While some goat-owners may have a personal preference as to the type of hay that their goats receive, there is no one type of “goat hay” out there that can, or even should, be used. Any type of hay that is of good to excellent quality and is properly harvested and stored can be successfully fed to goats with the correct management. This is not to say that different plant species do not each have their own specific advantages and disadvantages. As they say, there is no free lunch — even for goats!

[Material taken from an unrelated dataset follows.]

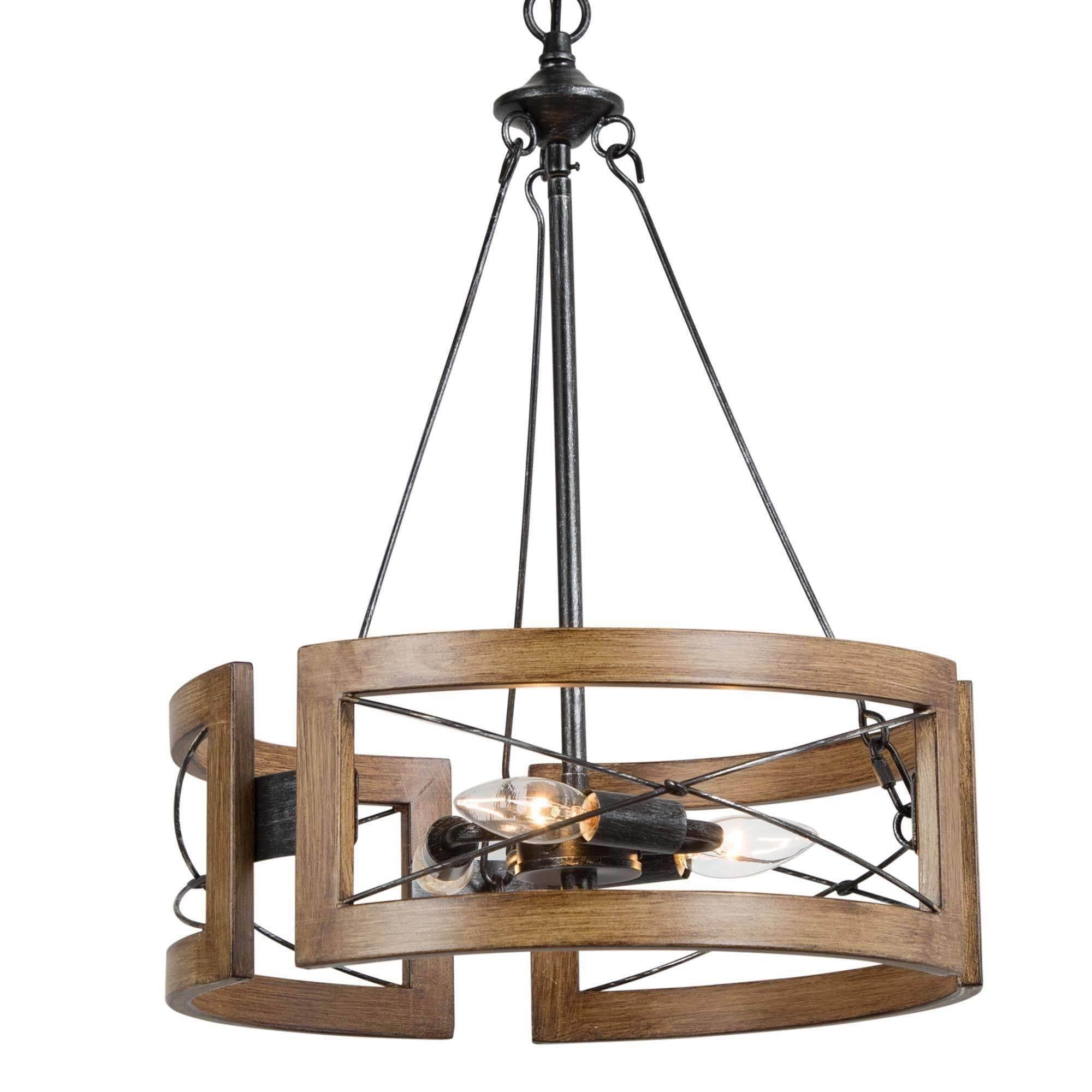 Muffsangh 3-Light Small Wood Chandelier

Fescue is a widely grown cool-season forage grass in the Midwest and Southeast. There are roughly 100 different species of fescue, but the most cultivated species are tall fescue and meadow fescue. Both are high-yielding, broad-leafed perennial bunchgrasses. Some advantages of fescue are that it is relatively easy to establish and maintain and is well-suited to the wet-natured, organic soils and moderate environmental conditions found in much of the United States. Fescue has an adequate palatability and is a nutritious forage option that can be successfully used in goat operations. The average fescue hay typically contains 8–9% crude protein and 55–60% TDN on a dry-matter basis. As with all hay, the nutritional content varies widely according to management and harvesting conditions and can be higher or lower than these estimates.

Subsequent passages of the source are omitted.